Results: The results showed that our 14-layer CNN secured a sensitivity of 98.77 ± 0.35%, a specificity of 98.76 ± 0.58%, and an accuracy of 98.77 ± 0.39%.

Conclusion: Our results were compared with CNN using maximum pooling and average pooling. The comparison shows stochastic pooling gives better performance than other two pooling methods. Furthermore, we compared our proposed method with six state-of-the-art approaches, including five traditional artificial intelligence methods and one deep learning method. The comparison shows our method is superior to all other six state-of-the-art approaches.

Introduction

Multiple sclerosis (abbreviated as MS) is a condition that affects the brain and/or spinal cord (Chavoshi Tarzjani et al., 2018). It will lead to a wide range of probable symptoms, likely with balance (Shiri et al., 2018), vision, movement, sensation (Demura et al., 2016), etc. It has two main types: (i) relapsing remitting MS and (ii) primary progressive MS. More than eight out of every ten diagnosed MS patients are of the “relapsing remitting” type (Guillamó et al., 2018).

MS diagnosis may be confused with other white matter diseases, such as neuromyelitis optica (NMO) (Lana-Peixoto et al., 2018), acute cerebral infarction (ACI) (Deguchi et al., 2018), acute disseminated encephalomyelitis (ADEM) (Desse et al., 2018), etc. Hence, accurate diagnosis of MS is important for patients and following treatments. In this study, a preliminary study that identifies MS from healthy controls with the help of magnetic resonance imaging (MRI) was investigated and implemented.

Recently, researchers tend to use computer vision and image processing (Zhang and Wu, 2008, 2009; Zhang et al., 2009a,b, 2010a,b) techniques to accomplish MS automatic-identification tasks. For instances, Murray et al. (2010) proposed to use multiscale amplitude modulation and frequency modulation (AM-FM) to identify MS. Nayak et al. (2016) presented a novel method, combining AdaBoost with random forest (ARF). Wang et al. (2016) combined biorthogonal wavelet transform (BWT) and logistic regression (LR). Wu and Lopez (2017) used four-level Haar wavelet transform (HWT). Zhang et al. (2017) proposed a novel MS identification system based on Minkowski-Bouligand Dimension (MBD).

Above methods secured promising results.
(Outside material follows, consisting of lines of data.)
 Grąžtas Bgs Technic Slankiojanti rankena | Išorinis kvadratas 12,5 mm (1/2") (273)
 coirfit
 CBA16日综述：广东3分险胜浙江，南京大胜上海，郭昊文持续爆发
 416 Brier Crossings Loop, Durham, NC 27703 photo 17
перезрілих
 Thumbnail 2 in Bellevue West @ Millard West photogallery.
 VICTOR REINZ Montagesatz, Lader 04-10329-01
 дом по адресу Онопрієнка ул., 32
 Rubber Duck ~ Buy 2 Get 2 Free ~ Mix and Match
Nevertheless, their methods need to extract features beforehand, and they need to validate their hand-extracted features effective (Chang, 2018a,b,c; Lee et al., 2018). Recently, convolutional neural network (CNN) attracts the research interest of scholars, since it can mechanically develop the features by its early layers. CNN has already been applied to many fields, such as biometric identification (Das et al., 2019), manipulation detection (Bayar and Stamm, 2018), etc. Zhang et al. (2018) is the first to apply CNN to identify MS, and their method achieved an overall accuracy of 98.23%.
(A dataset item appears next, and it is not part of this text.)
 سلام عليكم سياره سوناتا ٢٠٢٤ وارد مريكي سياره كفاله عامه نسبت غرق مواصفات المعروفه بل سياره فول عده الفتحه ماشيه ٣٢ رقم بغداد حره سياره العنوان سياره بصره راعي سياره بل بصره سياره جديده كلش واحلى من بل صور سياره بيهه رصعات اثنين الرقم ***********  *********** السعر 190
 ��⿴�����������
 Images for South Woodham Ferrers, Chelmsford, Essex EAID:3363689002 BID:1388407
This study is based on the CNN structure of Zhang et al. (2018). We proposed two other improvements: batch normalization and stochastic pooling. In addition, we used dynamic learning rate to accelerate the convergence. Learning rate is a parameter to control how quickly the proposed model converge to a local minimal. Low learning rate means a slow speed toward the downward slope. However, it can certain that we won't miss the local minimum but a long time to converge. Therefore, in our research, we set the learning rate a large value and reduce it by every given number of epochs instead of the fixed small learning rate until achieve convergence.
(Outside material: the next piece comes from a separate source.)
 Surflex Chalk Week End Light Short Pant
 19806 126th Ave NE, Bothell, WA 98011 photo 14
The rest of this paper is organized as follows: section Data Preprocessing described the data processing including data sources and data preprocessing. Section Methodology illustrates the method used in our research. Section Experiments, Results, and Discussions provided the experiment result and discussion.

Data Preprocessing

Two Sources

The dataset in this study were obtained from Zhang et al. (2018). First, MS images were obtained from the eHealth laboratory (2018). All brain lesions were identified and delineated by experienced MS neurologists, and were confirmed by radiologists. Second, the healthy controls were used from 681 slices of 26 healthy controls provided in Zhang et al. (2018). Table 1 shows the demographic characteristics of two datasets.

TABLE 1

Table 1. Demographic characteristics of two datasets.

Figure 1A shows the original slice, and Figure 1B shows the delineated results with four plaques, Areas surrounded by red line denotes the plaque. Figures 1C,D presents two slices from healthy controls.

FIGURE 1

Figure 1. Samples of our dataset. (A) Original MS image. (B) MS image with plaque delineated. (C) Healthy control image I. (D) Healthy control image II.

Contrast Normalization

The brain slices are from two different sources; hence, the scanner machines may have different hardware setting (scanning sequence) and software settings (reconstruction from k-space, the store format, etc.). It is necessary to match the two sources of images in terms of gray-level intensities. This is also called contrast normalization, with aim of achieving consistency in dynamic range of various sources of data.

Histogram stretching (HS) method (Li et al., 2018) was chosen due to ease of implementation. HS aims to enhance the contrast by stretching the range of intensity values of two sources of images to the same range, providing the effect of inter-scan normalization.

The contrast normalization is implemented in following way. Let us assume μ is the original brain image, and φ is the contrast-normalized image, the process of HS can be described as

$\begin{array}{rc}\phi (x,y)=\frac{\mu (x,y)-{\mu }_{min}}{{\mu }_{max}-{\mu }_{min}}& (1)\end{array}$

where (x, y) represents the coordinate of pixel, μ_min and μ_max represents the minimum and maximum intensity values of original brain image μ.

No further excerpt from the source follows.